Short descriptive text snippets
"""

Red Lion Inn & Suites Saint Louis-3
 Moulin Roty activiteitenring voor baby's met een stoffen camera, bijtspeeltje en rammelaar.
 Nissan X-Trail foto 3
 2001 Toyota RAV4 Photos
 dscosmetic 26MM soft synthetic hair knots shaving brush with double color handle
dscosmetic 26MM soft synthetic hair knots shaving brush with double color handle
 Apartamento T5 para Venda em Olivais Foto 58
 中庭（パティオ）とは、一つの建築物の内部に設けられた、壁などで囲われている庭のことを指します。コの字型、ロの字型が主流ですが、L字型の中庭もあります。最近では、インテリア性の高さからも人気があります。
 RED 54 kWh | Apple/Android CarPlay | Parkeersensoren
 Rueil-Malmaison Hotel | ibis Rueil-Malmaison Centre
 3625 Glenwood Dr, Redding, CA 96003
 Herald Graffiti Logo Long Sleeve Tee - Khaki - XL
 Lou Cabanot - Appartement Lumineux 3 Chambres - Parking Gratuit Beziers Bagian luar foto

"""

▶ WHAT YOU HAVE TO DO
Line by line, please reproduce the records exactly.

▶ COMPLETED EXERCISE
Red Lion Inn & Suites Saint Louis-3
 Moulin Roty activiteitenring voor baby's met een stoffen camera, bijtspeeltje en rammelaar.
 Nissan X-Trail foto 3
 2001 Toyota RAV4 Photos
 dscosmetic 26MM soft synthetic hair knots shaving brush with double color handle
dscosmetic 26MM soft synthetic hair knots shaving brush with double color handle
 Apartamento T5 para Venda em Olivais Foto 58
 中庭（パティオ）とは、一つの建築物の内部に設けられた、壁などで囲われている庭のことを指します。コの字型、ロの字型が主流ですが、L字型の中庭もあります。最近では、インテリア性の高さからも人気があります。
 RED 54 kWh | Apple/Android CarPlay | Parkeersensoren
 Rueil-Malmaison Hotel | ibis Rueil-Malmaison Centre
 3625 Glenwood Dr, Redding, CA 96003
 Herald Graffiti Logo Long Sleeve Tee - Khaki - XL
 Lou Cabanot - Appartement Lumineux 3 Chambres - Parking Gratuit Beziers Bagian luar foto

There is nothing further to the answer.